Made by one guy in Oregon.
By Seth Stevenson|Posted Monday, Jan. 2, 2012, at 7:38 AM ET
American mapmaking’s most prestigious honor is the “Best of Show” award at the annual competition of the Cartography and Geographic Information Society. The five most recent winners were all maps designed by large, well-known institutions: National Geographic (three times), the Central Intelligence Agency Cartography Center, and the U.S. Census Bureau. But earlier this year, the 38
th annual Best of Show award went to a map created by Imus Geographics—which is basically one dude named David Imus working in a farmhouse outside Eugene, Ore.
At first glance, Imus’ “
The Essential Geography of the United States of America” may look like any other U.S. wall map. It’s about 4 feet by 3 feet. It uses a standard, two-dimensional
conic projection. It has place names. Political boundaries. Lakes, rivers, highways.

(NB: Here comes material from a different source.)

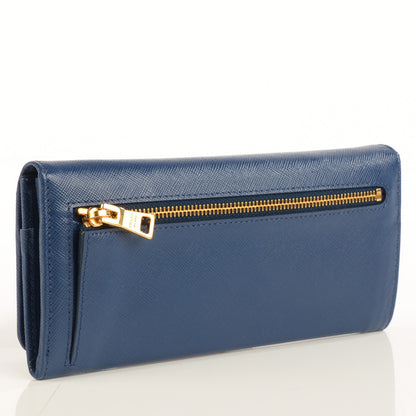 Prada Saffiano Bi-Color Trend Continental Wallet Bleuette Turchese 3 of 9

Imus map of the United States.
So what makes this map different from the Rand McNally version you can buy at a bookstore? Or from the dusty National Geographic pull-down mounted in your child’s elementary school classroom? Can one paper wall map really outshine all others—so definitively that it becomes award-worthy?
I’m here to tell you it can. This is a masterful map. And the secret is in its careful attention to design.
These days, almost all the data cartographers use is provided by the government and is freely available in the public domain. Anybody can download databases of highways, airports, and cities, and then slap a crude map together with the aid of a
plotter. What separates a great map from a terrible one is choosing which data to use and how best to present it.